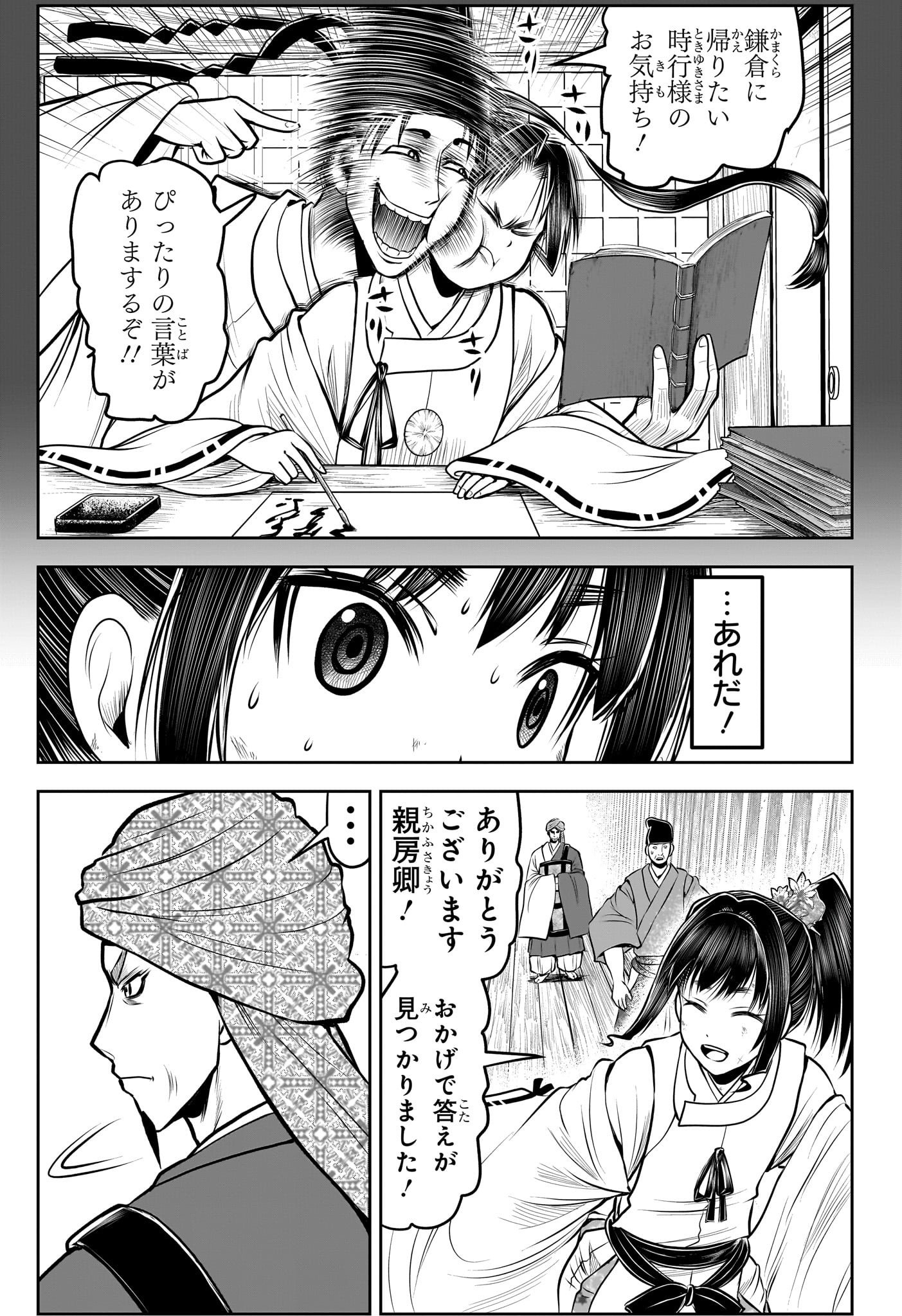 逃げ上手の若君 第171話 - Page 5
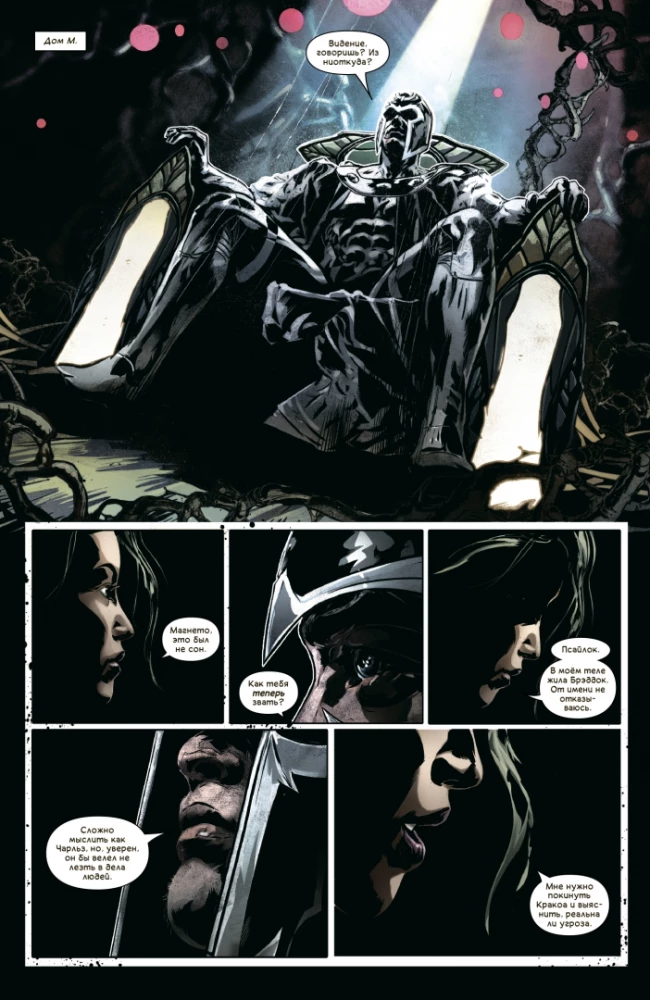 X-Men. Wschód mutantów. Tom 1
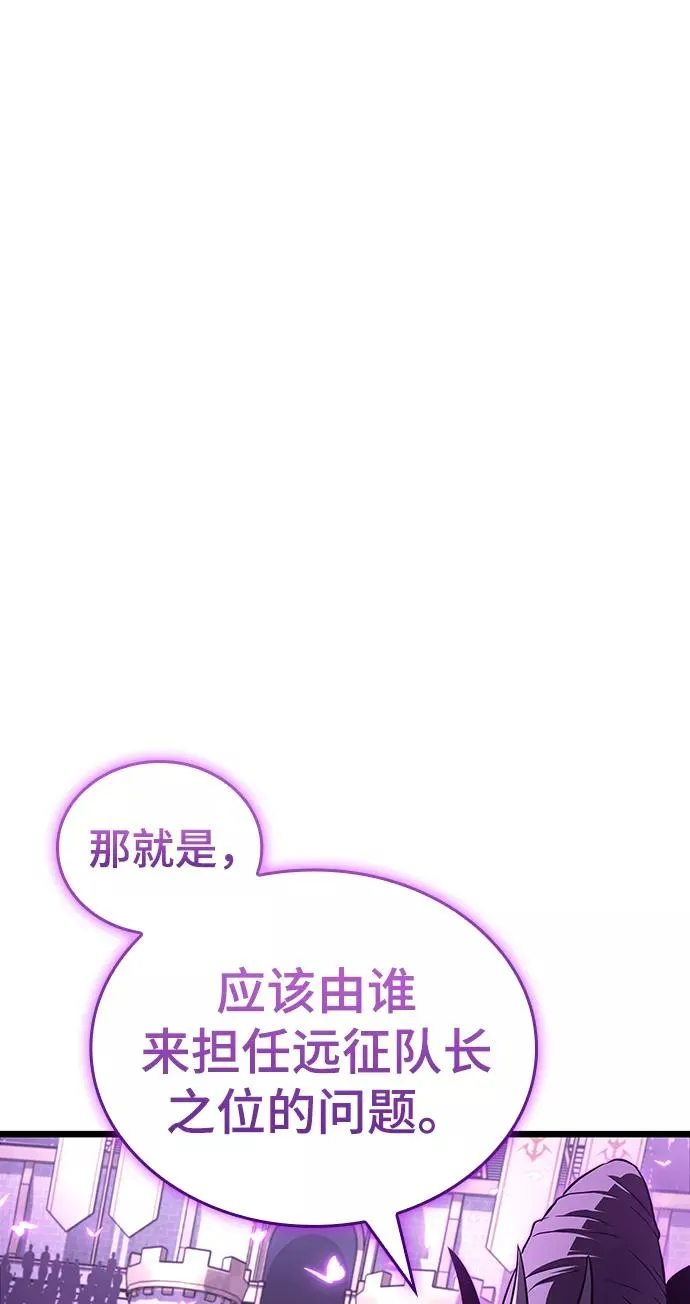 第44话27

AIM OF THE EXERCISE: None of the pictures should appear; copy the rest of the material above exactly.

TASK RESPONSE:
 逃げ上手の若君 第171話 - Page 5
 X-Men. Wschód mutantów. Tom 1
 第44话27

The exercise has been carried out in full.